Wednesday, December 21, 2011

Thou churlish ill-natured fig-biter*

*Shakespearean-style insult rather than actual Shakespeare.  I can't always find a quote.

But first, because it is a more cheerful post icon, forsythia.  Sorry I missed this for GBBD.  I would be all "In December!" except it's not that unusual; forsythia seems to respond to a hint of spring-like weather, and it's been warmer again (no white Christmas this year).  No harm to the shrub, which will bloom with its usual messy exuberance in March or April.

And so, the fig.  Warning, this photo is not quite what it appears: all that pale shavings stuff on the ground did not come off of the trunk, but out of a box or bag of something I ordered through the mail; it cried out to be used as mulch.  I would have moved it out of the way for the photo, except I couldn't, explanation below.

Anyway.  This is my wee Celeste fig tree, planted a year ago September some little time after I bought it from the parking lot of Whole Foods.  It got through last winter just fine, with nothing but a low fence around to keep humans from stepping on it, and did brilliantly over the growing season.

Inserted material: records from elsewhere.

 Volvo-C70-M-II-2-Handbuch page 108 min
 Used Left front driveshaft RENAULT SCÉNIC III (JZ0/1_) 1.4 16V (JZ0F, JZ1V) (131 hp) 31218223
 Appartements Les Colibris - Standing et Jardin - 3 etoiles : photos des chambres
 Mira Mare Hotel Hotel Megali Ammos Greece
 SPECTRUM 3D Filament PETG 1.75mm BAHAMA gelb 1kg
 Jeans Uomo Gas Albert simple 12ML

Then the perversity of animals started working against me.  Deer are not supposed to like figs, but nonetheless this fall I found the top leaves bitten off (the whole tree is only just over two feet tall as yet, but the snacking was definitely from above, so only deer make sense).  I doubted they'd be back, especially once the leaves fell off, but built a fence around it anyway, tall enough to discourage neck-stretching from above, but not reaching to the ground.  Then, a week or so ago, I saw this new damage - bark removed all along several branches.  I think this is rabbits or someone else small, because it doesn't look like antler-rubbing, it looks like chewing, and the angle and access are wrong for deer this time, never mind they'd just snap the branches off.

So, I've added to the fence so it reaches the ground now (hence my inability to brush the shavings away for a better photo), and I don't expect more damage (fingers crossed).  But what's there is bad enough.  None of the branches is girdled, so I can hope they will survive.  I'm not sure whether to stuff leaves into the fence to insulate the tree from cold, as I did with my pomegranate and was meaning to do here (though the fig got through last winter without that help), or whether that would encourage disease, pests etc.  I'm kind of inclined to leave the damaged stems to "harden off" for now (it's not that cold out anyway) and then either put in the leaves or wrap something around the fence later.  Thoughts?

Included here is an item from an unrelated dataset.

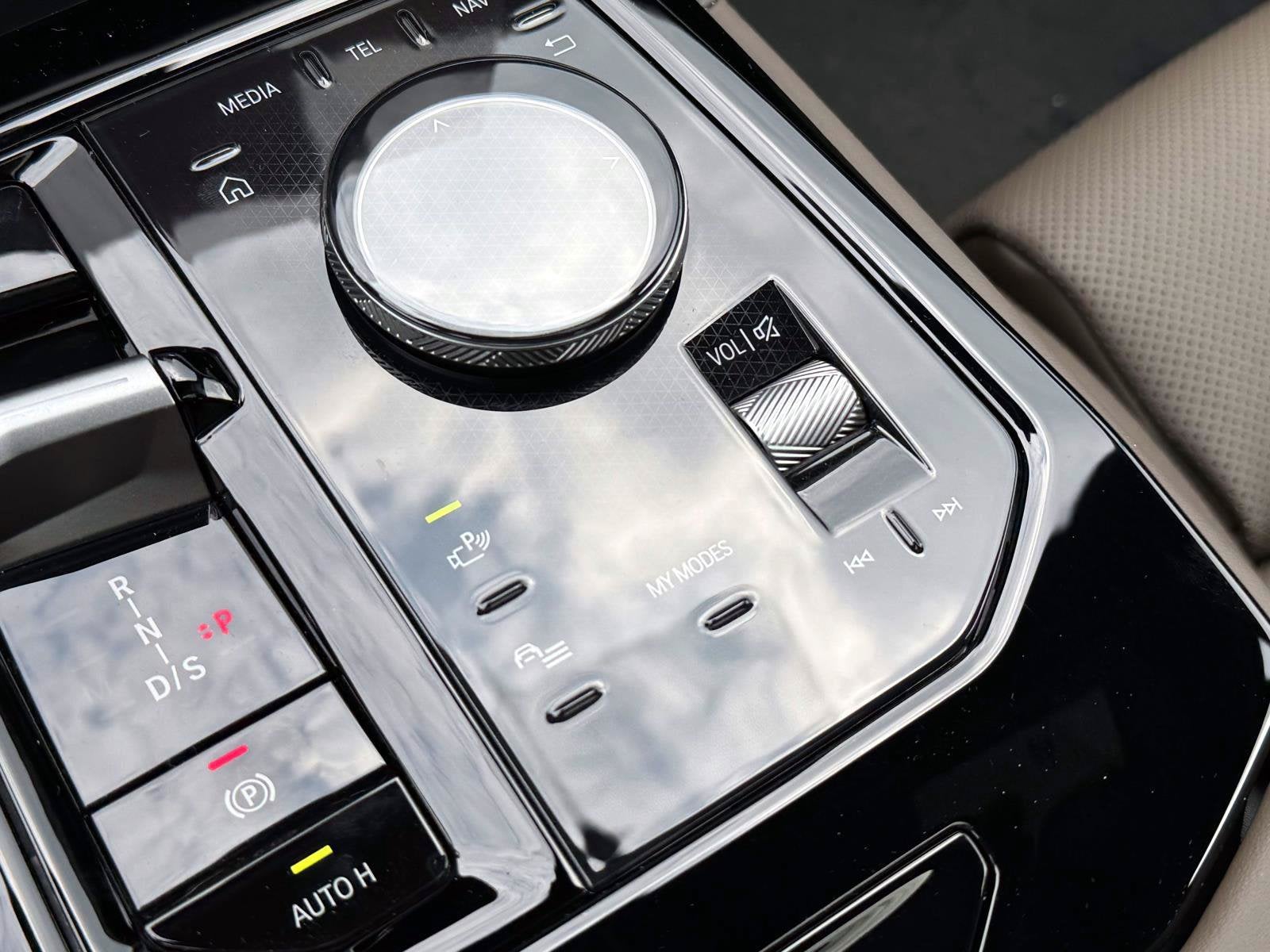 2027 BMW 5 Series 530i xDrive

The rabbits and groundhogs (or woodchucks, if you are from a woodchuck-denoting region) are with us always, but the deer are visitors here.  We used to hardly ever see them (no woods to speak of nearby, and two multi-lane roads defining the borders of our vague neighborhood) but in the last decade we've caught them visiting more frequently (more development around probably makes our relatively-rural yards a haven or at least a comfortable passageway).  Some areas they never seem to wander through (you should see my lush hostas on the northeast side of the house), and others are obviously regular pathways, although even there I can grow hostas and daylilies and the like and not fear that they will always be chewed to nubbins; in fact we've gone whole seasons without much damage to deer-favored plants.  Tulips are out in those areas, though; spring is hungry time.  And you'll note I did plant daylilies on the Way Back slope; I may be wrong, but I just don't see the deer standing there on the slippery mulch right by the neighbors' blacktop chowing down, at least not on a regular basis.  It will probably happen once or twice, but then not again for months.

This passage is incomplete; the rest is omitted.